EXERCISE AIM = Beginning at the line containing "Yaşlı çift sıkıştıkları", print every line until the records end, keeping each exactly as it is.

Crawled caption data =
......

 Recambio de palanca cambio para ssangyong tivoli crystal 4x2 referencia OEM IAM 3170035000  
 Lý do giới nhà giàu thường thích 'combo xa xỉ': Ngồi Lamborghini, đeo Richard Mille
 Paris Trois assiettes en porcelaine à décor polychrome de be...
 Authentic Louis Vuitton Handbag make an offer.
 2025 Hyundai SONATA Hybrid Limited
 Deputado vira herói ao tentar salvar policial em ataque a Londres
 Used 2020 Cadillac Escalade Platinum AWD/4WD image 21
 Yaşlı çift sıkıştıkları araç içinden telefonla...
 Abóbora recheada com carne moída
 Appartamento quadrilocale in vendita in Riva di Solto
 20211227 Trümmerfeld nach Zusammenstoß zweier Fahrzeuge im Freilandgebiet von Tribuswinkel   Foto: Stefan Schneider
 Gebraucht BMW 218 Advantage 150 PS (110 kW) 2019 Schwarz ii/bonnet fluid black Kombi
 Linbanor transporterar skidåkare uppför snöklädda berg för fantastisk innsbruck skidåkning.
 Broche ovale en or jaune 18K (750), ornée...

......

PROBLEM SOLUTION =
 Yaşlı çift sıkıştıkları araç içinden telefonla...
 Abóbora recheada com carne moída
 Appartamento quadrilocale in vendita in Riva di Solto
 20211227 Trümmerfeld nach Zusammenstoß zweier Fahrzeuge im Freilandgebiet von Tribuswinkel   Foto: Stefan Schneider
 Gebraucht BMW 218 Advantage 150 PS (110 kW) 2019 Schwarz ii/bonnet fluid black Kombi
 Linbanor transporterar skidåkare uppför snöklädda berg för fantastisk innsbruck skidåkning.
 Broche ovale en or jaune 18K (750), ornée...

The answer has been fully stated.